窓には人が内からうかがい見る外部、外から控え目にしのびよる自然、人の視覚やその他の感覚を区切って集中したものにするかたち、そんな微妙な役目がある。窓による半身の人はなつかしい。窓に見える人は、外の者にとっては見えても彼方の人である。垣間見る、というような見方は優雅である。
連想と憧憬を誘い、深窓というような言葉の余韻となる。昔から物語りの聡明なコイビトは、たいていまず窓から現れる。そしてその窓は間もなく閉じられる。次の日、窓は開かれていても人影はないかも知れない。
そのかわり歌声やものの匂いが流れてきたり、外からも花びらやとんぼが舞い込んだりすれば、内と外との物語りはつづくのである。ふと飛び込んだ黄色い蝶に心をときめかし、舞い落ちた一片の枯葉に何かの暗示を見るような古風な情感を窓はかかえ込んでいる。
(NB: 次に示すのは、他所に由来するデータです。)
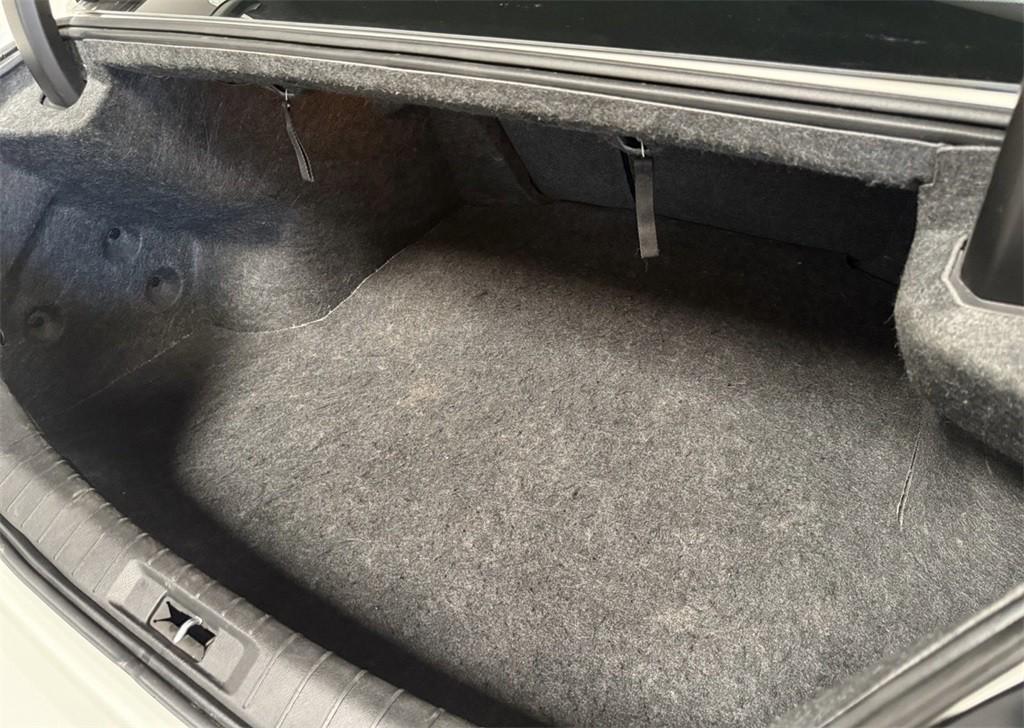 used 2022 Nissan Maxima car, priced at $17,500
窓辺の人の身のこなしを、知らず知らず美しくしているようなかたち、私たちの想いのなかの、江戸や明治の丸窓に見られる人はみんな美人であったし、武者窓とか、京都御所の櫛形の窓などは、中世のドラマをのぞかせる。
この間、大徳寺の竜光院で、火頭窓の外にたたずんでいたら、ふとその窓に灯がともったのが心にしみた。心の集中を表わすような形の、白い障子のその内には、きびしい勤行の心があるにちがいない。人を配して生きる窓、深い奥を思い見させるような窓がいい。
外の木立や建物や人たちが優しく見えるような窓によりたい。内部の空気調節が完全で開くことのない窓でも、窓というからには、内と外とのつながりが生まれなければいけない。そういうかたちや手だてがなされなければいけないと思う。人は窓に夢を託したり、育てたりしてきたのだから。
こういうこころの方をしんにして、雨じまいとか採光、遮光、通風や用心や材料やおねだん、そういうもろもろも勘定に入れて寸法を出さなければならない建築家もたいへんだが、もともと家に窓をつけたのは人だから、心と機能は反するものである筈はない。